Si par un miracle les médias de masse capitalistes, demain devenaient libres, indépendants des pouvoirs politiques et économiques, le peuple pourrait enfin se forger une représentation sur le monde fondée sur la réalité, ce qui pourrait peut-être mener à des changements majeurs. Et nous pensons que ces changements pourraient avoir lieu rapidement.
Toutefois, c’est là quelque chose d’actuellement impossible, représentant à tout le moins une mise en avant de la charrue avant les bœufs, comme on dit. C’est-à-dire qu’il faudrait que tout change avant que tout puisse changer, que l’argent ne soit plus dans les mains d’une minorité qui décide, que les politiciens œuvrent pour le bien commun et non plus pour la reconduction de leurs prébendes, que le profit ne soit plus le leitmotiv de toute chose, mais donc aussi que les gens décident de se détourner des médias qui leur mentent, les distraient de la réalité, occultent les choses importantes et montent les gens les uns contre les autres, empêchant leur unité dans un combat commun.
Il faudrait donc tout changer avant que puissent changer les médias, mais nous sommes là dans une aporie, un paradoxe, car il semble que sans changement préalable des médias, sans informations vraies, le changement viendra difficilement.

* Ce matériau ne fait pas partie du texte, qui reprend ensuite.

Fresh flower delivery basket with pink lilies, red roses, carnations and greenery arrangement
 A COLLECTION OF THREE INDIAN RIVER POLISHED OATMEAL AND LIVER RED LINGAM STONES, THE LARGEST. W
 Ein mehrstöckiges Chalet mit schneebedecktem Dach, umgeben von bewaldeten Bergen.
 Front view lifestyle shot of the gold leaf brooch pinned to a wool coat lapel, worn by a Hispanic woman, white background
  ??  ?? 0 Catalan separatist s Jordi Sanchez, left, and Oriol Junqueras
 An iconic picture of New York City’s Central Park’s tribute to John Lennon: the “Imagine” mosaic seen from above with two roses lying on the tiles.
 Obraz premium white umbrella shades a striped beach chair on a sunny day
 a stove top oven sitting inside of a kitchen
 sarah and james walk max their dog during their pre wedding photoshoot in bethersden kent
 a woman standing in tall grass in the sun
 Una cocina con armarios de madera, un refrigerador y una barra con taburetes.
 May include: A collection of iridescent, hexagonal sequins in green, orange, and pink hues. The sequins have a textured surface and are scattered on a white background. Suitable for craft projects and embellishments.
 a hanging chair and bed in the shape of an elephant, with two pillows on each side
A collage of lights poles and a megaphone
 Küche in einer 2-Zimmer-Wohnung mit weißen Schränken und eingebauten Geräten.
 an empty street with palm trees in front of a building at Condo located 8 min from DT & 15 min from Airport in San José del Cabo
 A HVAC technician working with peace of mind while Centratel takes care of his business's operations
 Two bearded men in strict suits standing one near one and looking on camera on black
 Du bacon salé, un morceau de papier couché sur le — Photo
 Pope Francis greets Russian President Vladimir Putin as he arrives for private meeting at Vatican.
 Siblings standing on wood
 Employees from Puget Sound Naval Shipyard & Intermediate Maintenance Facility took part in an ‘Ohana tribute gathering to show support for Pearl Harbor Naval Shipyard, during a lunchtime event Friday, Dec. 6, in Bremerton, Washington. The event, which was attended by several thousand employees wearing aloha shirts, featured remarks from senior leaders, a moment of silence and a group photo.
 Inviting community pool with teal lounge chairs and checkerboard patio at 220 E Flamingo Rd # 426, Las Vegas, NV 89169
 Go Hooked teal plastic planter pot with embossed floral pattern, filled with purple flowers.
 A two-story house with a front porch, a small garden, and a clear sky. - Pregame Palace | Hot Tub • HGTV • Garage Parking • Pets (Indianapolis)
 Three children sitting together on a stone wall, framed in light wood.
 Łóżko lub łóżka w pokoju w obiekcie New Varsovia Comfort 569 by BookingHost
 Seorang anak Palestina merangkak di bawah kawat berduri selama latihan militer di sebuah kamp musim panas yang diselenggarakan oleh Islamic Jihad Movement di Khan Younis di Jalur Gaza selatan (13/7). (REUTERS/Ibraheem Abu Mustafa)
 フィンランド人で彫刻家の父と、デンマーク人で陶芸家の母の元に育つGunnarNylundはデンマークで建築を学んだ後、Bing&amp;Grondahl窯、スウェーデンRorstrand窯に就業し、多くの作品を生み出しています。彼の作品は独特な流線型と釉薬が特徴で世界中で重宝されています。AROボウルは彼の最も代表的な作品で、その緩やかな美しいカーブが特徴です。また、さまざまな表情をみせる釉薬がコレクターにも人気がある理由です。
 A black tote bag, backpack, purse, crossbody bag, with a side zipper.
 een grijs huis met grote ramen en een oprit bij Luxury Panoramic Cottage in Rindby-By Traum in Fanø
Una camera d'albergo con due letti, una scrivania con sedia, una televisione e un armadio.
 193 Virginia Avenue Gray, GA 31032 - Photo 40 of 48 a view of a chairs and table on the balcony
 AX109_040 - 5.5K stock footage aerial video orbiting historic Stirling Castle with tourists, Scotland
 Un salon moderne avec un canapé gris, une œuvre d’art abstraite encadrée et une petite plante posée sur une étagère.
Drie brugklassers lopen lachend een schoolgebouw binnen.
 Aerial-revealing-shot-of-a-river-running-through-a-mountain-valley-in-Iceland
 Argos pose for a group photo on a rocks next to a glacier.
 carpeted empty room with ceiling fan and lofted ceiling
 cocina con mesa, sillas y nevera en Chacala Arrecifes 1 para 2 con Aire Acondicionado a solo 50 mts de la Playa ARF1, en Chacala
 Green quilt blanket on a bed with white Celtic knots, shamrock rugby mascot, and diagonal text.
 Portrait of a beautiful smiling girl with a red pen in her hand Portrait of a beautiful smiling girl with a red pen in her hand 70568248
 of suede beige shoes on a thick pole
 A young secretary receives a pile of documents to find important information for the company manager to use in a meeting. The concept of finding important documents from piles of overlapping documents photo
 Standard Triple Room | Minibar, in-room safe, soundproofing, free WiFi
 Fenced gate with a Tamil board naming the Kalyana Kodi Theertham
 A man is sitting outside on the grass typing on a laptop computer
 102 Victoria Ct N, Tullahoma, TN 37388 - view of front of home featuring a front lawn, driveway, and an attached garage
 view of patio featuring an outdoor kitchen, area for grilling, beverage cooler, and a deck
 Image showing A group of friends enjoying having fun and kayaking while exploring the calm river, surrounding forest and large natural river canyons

Mais quand entendons-nous un vrai discours, une parole publique qui nous galvanise, nous fait frémir, nous fait sentir dans une commune vie, nous faisant ressentir que notre individualité peut avoir une importance pour l’ensemble, dans un monde ou au contraire le « chacun pour soi » instille l’idée dans nos têtes que « de toute façon un de plus ou un de moins dans la lutte… » ? Au-delà de ce que le marketing politico-médiatique nous laisse entendre tous les jours, que notre individualité n’a du sens que pour nous-mêmes : pouvoir d’achat, vote, « consommacteur », responsabilité individuelle, écogestes…
Ne rêvons pourtant pas trop, les médias dominants ne décideront pas de commencer à dire ce qui est important pour la majorité, à moins de croire aux contes de fées et d’être capables d’imaginer que les familles les plus riches qui les possèdent en ont pris le contrôle suite à un travail psychanalytique d’envergure où ils ont pu prendre conscience que leur richesse était indécente et qu’enfin ils allaient pouvoir le dire via leurs télévisions, journaux, sites internet, radios…
Derrière le masque du « vrai débat », de la « liberté d’expression », nous sommes tous les jours confrontés à ces situations où la parole est censurée, la réalité déformée, les propos creux, où l’on ne peut pas exprimer et dire que tout « fonctionne » mais dans un grand et total dysfonctionnement. La pensée, dans ce système, est morte, et ceux dont la parole est médiatisée sont le plus souvent ces colporteurs du vide, ces hérauts du statu quo ; ces experts des mots creux, des sons vides, de ces litanies qui sont plus des tentatives de convaincre que des expressions profondes de la pensée.
Or, « le franc-parler démocratique se distingue du parler craintif et soumis de l’esclave, il ose introduire le risque de l’inégalité et de la rupture des unanimités passives ». Ce parler-vrai, cette parrêsia, s’oppose aussi « au discours des flatteurs », il est celui qui, « à l’inverse des démagogues ne cherchant à faire entendre au peuple que les opinions que ce dernier prend plaisir à écouter, prend sur lui de proclamer des vérités désagréables à entendre », qui n’est pas non plus « un mode de « tout dire » […] qui serait finalement le droit reconnu à tous de dire tout et n’importe quoi, qu’on fait valoir comme preuve du bon fonctionnement démocratique(1) ». Et ce parler-vrai publiquement exprimé n’atteint sa vraie valeur démocratique que si celui qui le permet, l’État en l’occurrence, accepte que ce qui sera dit contienne le risque d’introduction d’une modification dans le réel, un changement véritable donc, qui pourrait être défavorable à certains.
Pourtant, ce n’est pas cela que nous observons. Les paroles médiatisées sont plutôt détachées de ceux qui les prononcent, ces derniers n’étant pas vraiment impliqués dans ce qu’ils disent, mais plutôt occupés à faire de la « communication ».